======== Provided material ========

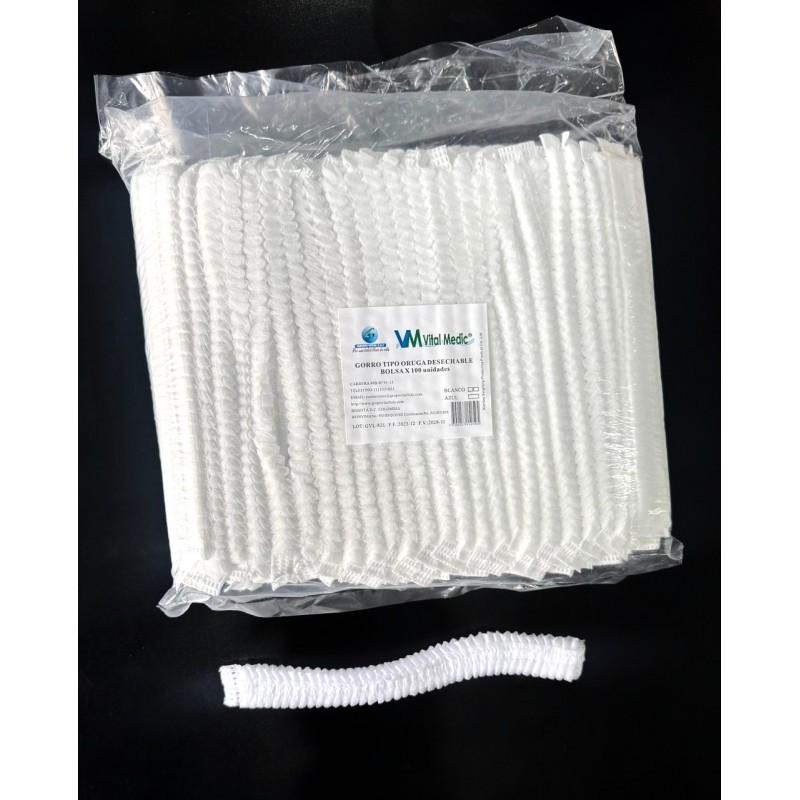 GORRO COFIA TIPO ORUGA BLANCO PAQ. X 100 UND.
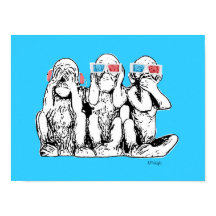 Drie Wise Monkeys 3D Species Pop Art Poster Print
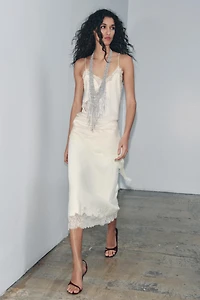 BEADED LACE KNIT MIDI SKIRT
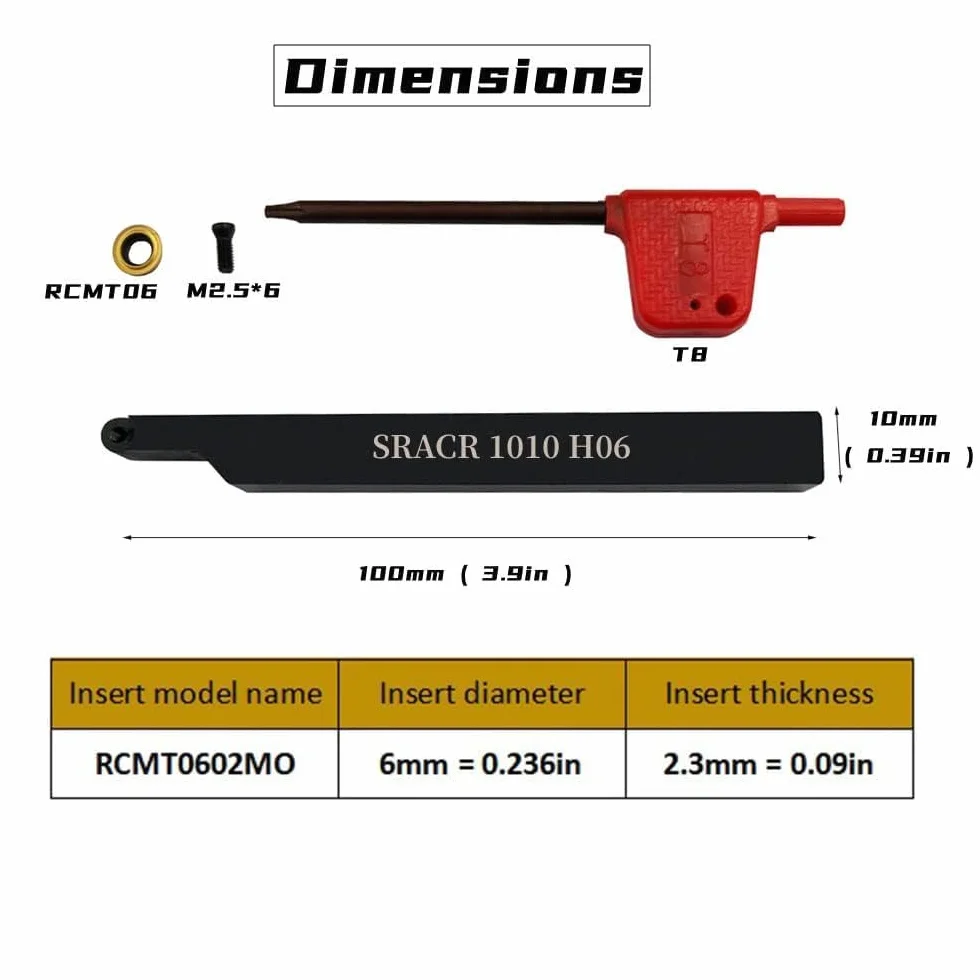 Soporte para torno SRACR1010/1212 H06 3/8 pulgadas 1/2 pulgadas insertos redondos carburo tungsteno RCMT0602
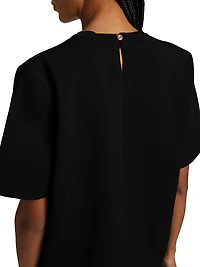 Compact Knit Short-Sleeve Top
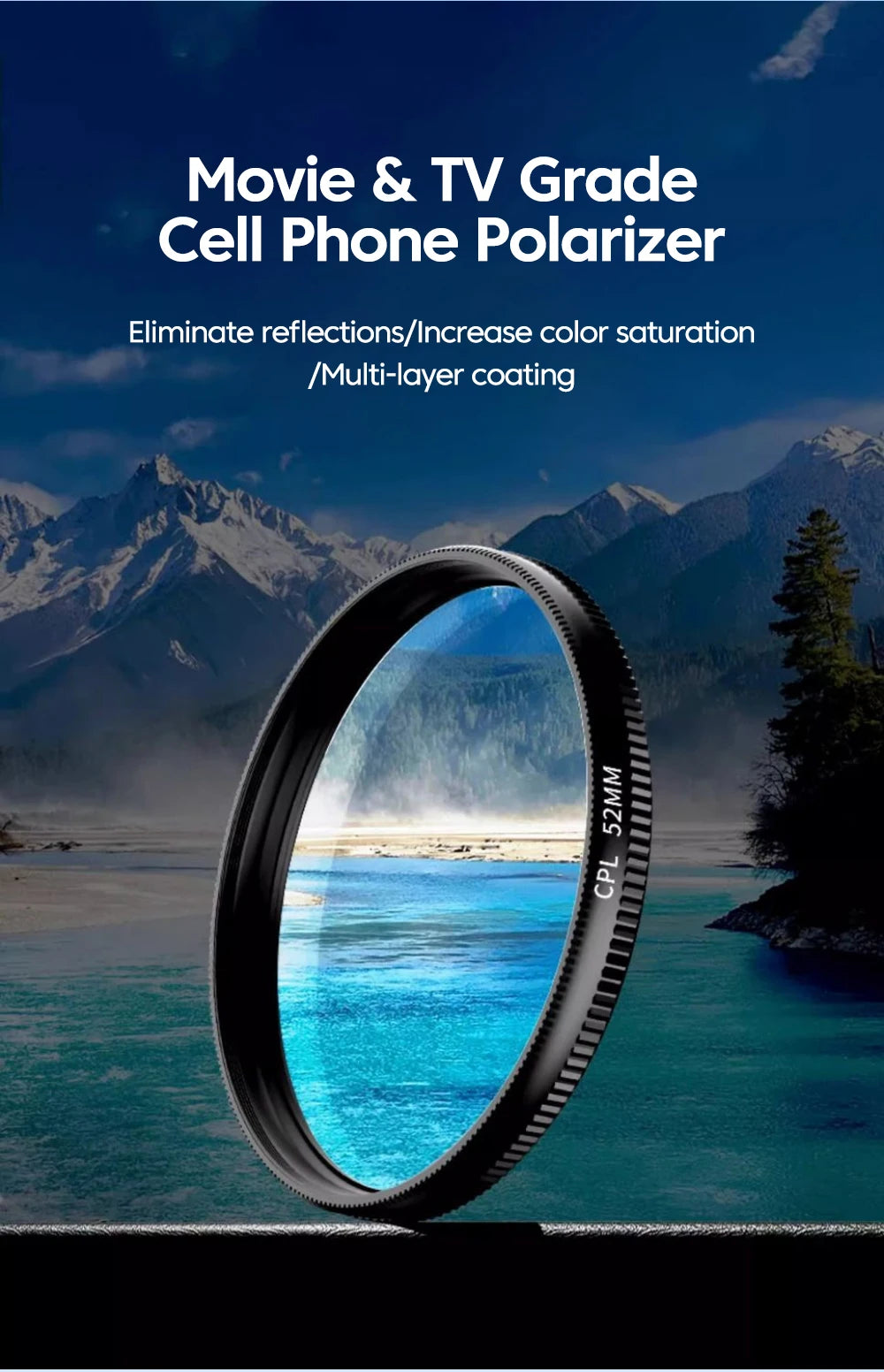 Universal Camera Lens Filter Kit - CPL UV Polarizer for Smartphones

========

● Task objective
Set down the records above exactly, leaving out pictures.

● Written response
 GORRO COFIA TIPO ORUGA BLANCO PAQ. X 100 UND.
 Drie Wise Monkeys 3D Species Pop Art Poster Print
 BEADED LACE KNIT MIDI SKIRT
 Soporte para torno SRACR1010/1212 H06 3/8 pulgadas 1/2 pulgadas insertos redondos carburo tungsteno RCMT0602
 Compact Knit Short-Sleeve Top
 Universal Camera Lens Filter Kit - CPL UV Polarizer for Smartphones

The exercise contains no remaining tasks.